= AIM OF THE TASK =
Within the records below, reproduce without change the lines from the line that has "[Pirokobo (Piro)] Damegami-sama" through the line that has "五大交通民生实事提前完成", and only those.

= SUPPLIED ENTRIES =
-- -- --
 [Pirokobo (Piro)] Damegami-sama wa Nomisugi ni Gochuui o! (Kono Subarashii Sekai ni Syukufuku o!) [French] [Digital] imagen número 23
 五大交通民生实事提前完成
-- -- --
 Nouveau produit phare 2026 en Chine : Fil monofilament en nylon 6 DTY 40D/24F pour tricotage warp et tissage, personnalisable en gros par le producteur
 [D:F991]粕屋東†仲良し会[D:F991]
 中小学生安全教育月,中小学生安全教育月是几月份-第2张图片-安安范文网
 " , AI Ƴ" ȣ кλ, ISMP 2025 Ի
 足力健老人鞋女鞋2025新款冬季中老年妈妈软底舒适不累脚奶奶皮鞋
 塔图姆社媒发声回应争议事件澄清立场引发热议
-- -- --
= ANSWER TO THIS EXERCISE =
 [Pirokobo (Piro)] Damegami-sama wa Nomisugi ni Gochuui o! (Kono Subarashii Sekai ni Syukufuku o!) [French] [Digital] imagen número 23
 五大交通民生实事提前完成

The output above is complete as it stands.